In this first appointment, Dialogica wants to put in dialogue two Instagram accounts, which find their habitat in the subway par excellence, the New York one, although driven by two extremely different researches.
Subwaycreatures is a serial profile in which the author Rick McGuire collects photographic contributions and videos of thousands of authors able to capture the funniest and bizarre moments that occur on the subway. The page, active since 2013, has quickly become a social phenomenon and represents one of the most important collectors of images on the New York City subway.
No attention to the composition, the framing or the colors: this creates an independent visual research that does not fear the so-called “ugly” and distances itself from a predefined vision both from a formal point of view and content
The real protagonists of each contribution are in fact only the “creatures” (almost fantastic) populating everyday the subway. Each carousel collects images and/or videos linked together by the same theme: scrolling the feed, it will not be difficult to come across the best and weird disguises met in the subway, or a selection of dogs transported in bags or plastic bags (by law, on New York subways only “handbag dogs” can travel).
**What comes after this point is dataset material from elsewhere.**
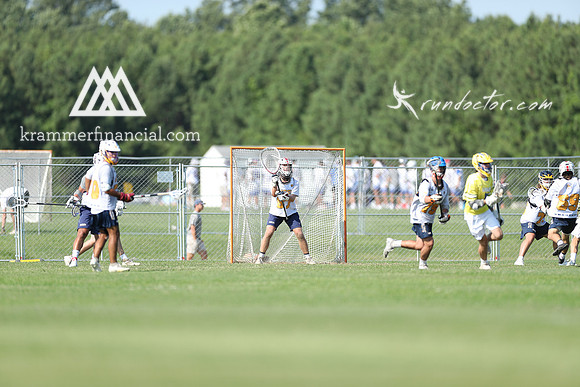 WCS 2022s at NLF Summer 2020 - 1275.jpg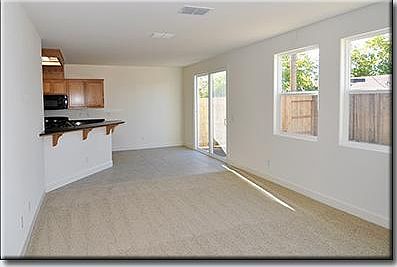 1st image of LOT 50 7519 Georgica Way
On the other hand, the Subwayhands profile is driven by a totally different aesthetic, it’s a project conceived and created by photographer Hannah Ryan who dedicates this account to one of the most communicative parts of our body: the hands.
The hands tell in an honest and sincere state of mind, they do not lie and they speak more than we can imagine, and that’s why Hannah began to photograph them.
Hands shaking, hands flicking, hands holding objects, gloved, cured or neglected hands: every hand becomes a world, a synecdoche that explores feelings, relationships, situations and stories and becomes the kick-off to invent fantastic stories.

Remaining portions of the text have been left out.